LAS CRUZADAS

LAS CRUZADAS – ORIGEN, HISTORIA Y CONSECUENCIAS

sobrehistoria.com   Fernando

Las Cruzadas son uno de los acontecimientos más representativos de la Edad Media, una de las etapas más oscuras de la historia de Europa. Los ejércitos de cruzados atravesaron Europa luchando en nombre del Papa y del cristianismo y buscando recuperar la Tierra Santa, dejando a su paso miles de muertes. Hoy en Sobrehistoria, te lo contamos todo acerca de las Cruzadas.

¿Qué eran la Cruzadas?

 Las Cruzadas fueron una serie de campañas militares que realizaron los Papas por diversos territorios de la Europa latina cristiana, principalmente por Francia e Italia, pero también por España y otros países de Europa del este. Los ejércitos estaban formados por los cruzados, ciudadanos a los que les eran perdonados sus pecados a cambio de combatir en las Cruzadas.

El objetivo de estas Cruzadas era recuperar los territorios de la Tierra Santa y volver a restablecer el dominio de la religión cristiana en ellos. De esta manera, las Cruzadas se libraron contra pueblos cuya ideología e idiosincrasia rivalizaba con el concepto de cristianismo y Tierra Santa, principalmente contra los musulmanes, pero también contra muchos otros pueblos o incluso clases sociales (esclavos paganos, judíos, cristianos ortodoxos griegos y rusos, mongoles, cataros, husitas, valdenses, prusianos) y enemigos del cristianismo o del Papa en cuestión.

El punto álgido de las Cruzadas duró unos 200 años (entre 1099 y 1291), aunque en algunos países como España o en Europa del este se prolongaron incluso hasta el siglo XV.

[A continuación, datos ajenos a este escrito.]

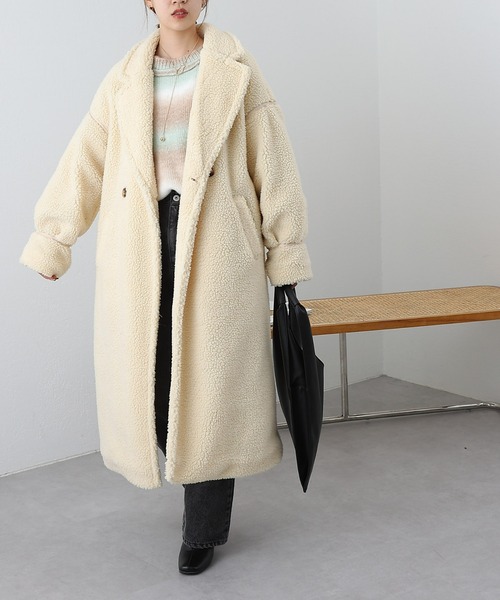 「COLONY 2139」 チェスターコート FREE ブラック レディース_画像3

Origen e historia de las Cruzadas.

Las Cruzadas tiene su origen a finales del siglo XI, cuando el emperador bizantino Alejo I pidió ayuda al Papa Urbano II para proteger a los pueblos cristianos de oriente ante la dominación musulmana. Estas cruzadas fueron entonces promulgadas durante el Concilio de Clermont. Tras la predicación de las Cruzadas el pueblo cristiano asintió en masa y las aprobó al grito de Deus lo vult (“Dios lo quiere”).

Es por ello que el origen de las Cruzadas normalmente se atribuye al fervor religioso y a la necesidad de los cristianos de proteger su religión y sus territorios. Sin embargo, otras lecturas históricas también ven a las Cruzadas como un símbolo del ansia de poder del Papado y de sus ansias de expansión por oriente.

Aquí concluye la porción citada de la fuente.